Perhaps you could use this phrase when writing a story: “Peter almost bumped into Mary in the refectory. He made an attempt at conversation, but he was so nervous he kept stumbling over his words. Nevertheless, he still had hope that she would like him. Hope to get this conversation going. To impress her with his wit and knowledge. Surely she must like him then!”

That sentence popped up when I was concluding a message and I wanted to convey that I would like to continue that (written) conversation. So, what do you think is appropriate there?

Even now, can I use – hope to get the conversation (this one) going? (at this place?)

[Edit: I’m sorry, I hadn’t read your reply yet when I wrote this.]

Or perhaps: “I run into my professor at the gym. We start talking. I try to gain his interest, hope to get this conversation going. But he seems rather in a hurry, and says he’d like to talk to me another time. I’ll see him again in class anyway, so it doesn’t really matter.”
A story written like a diary, where the protagonist’s thoughts are given in the present tense and from the first-person perspective.

Hoping to get the conversation going implies that it might take some effort to start it off, that’s why I wouldn’t say it to someone.
Why not say “continue”, as came to you naturally when you just described it? “I hope we may continue our conversation” would seem a better, more natural choice. Or you could just leave it out and let the message speak for itself: if you wrote questions or stimulating remarks, the other person will surely continue the conversation.

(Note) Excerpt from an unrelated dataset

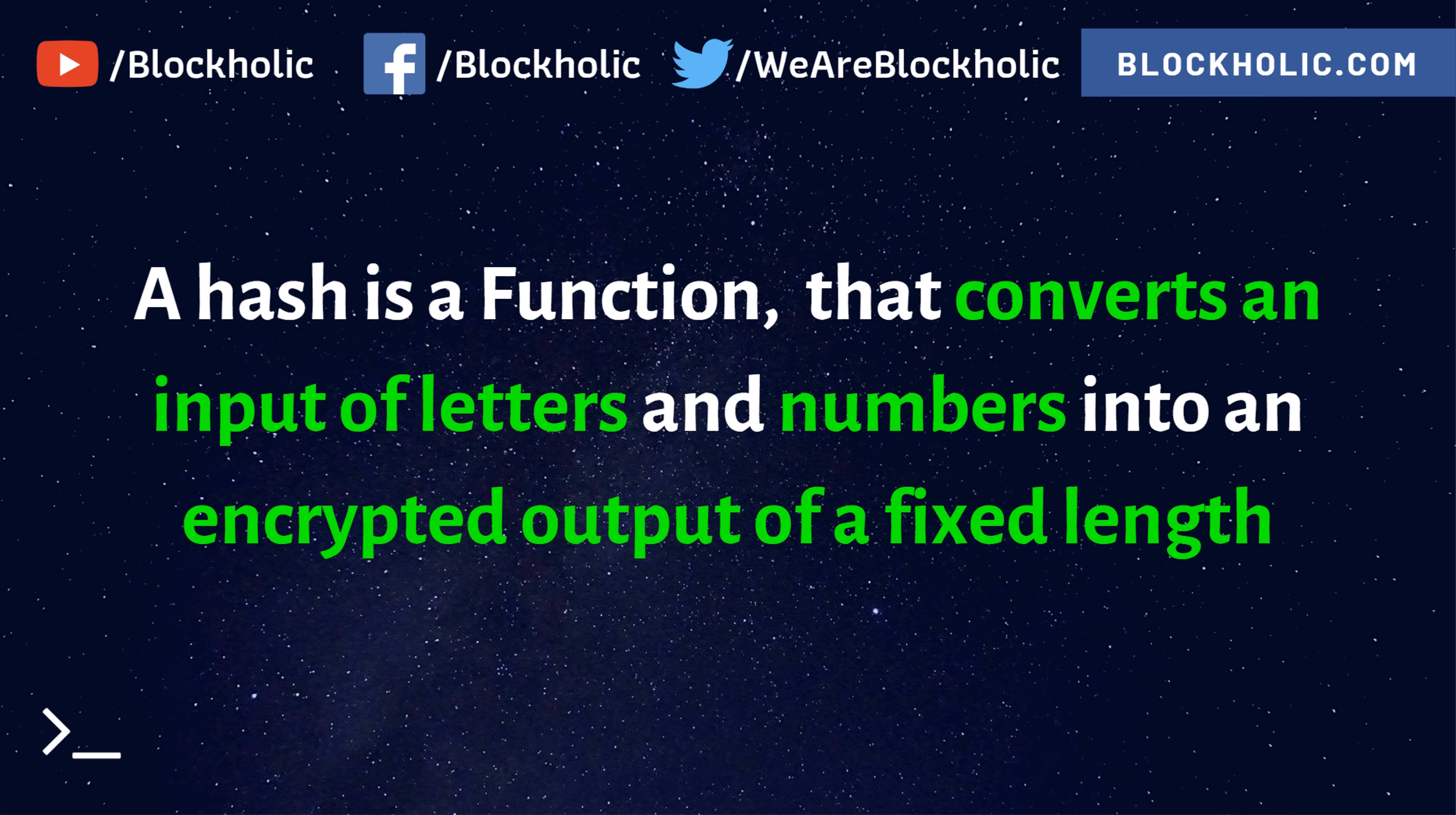A hash is a function that converts an input of letters and numbers into an encrypted output of a fixed length. Let's say you have a huge data and you want to encrypt the data. At the same time, the data whatever you encrypt won't be a gigantic string or something. So the data whatever you enter, it is also equal and it is also a fixed length of string.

Oh, that is really interesting – being concise and still implying the continuity in the conversation.

By the way, what Cerberus is?

Cerberus is the three-headed giant hound who guards the exit of the underworld against escaping souls in ancient Greek mythology. Cerberus is the Latinized form of Greek /Kerberos/.

Oh, now I know why computer security people borrowed “Kerberos” :slight_smile:

Ah, yes! I did not even know that, but I think you are right.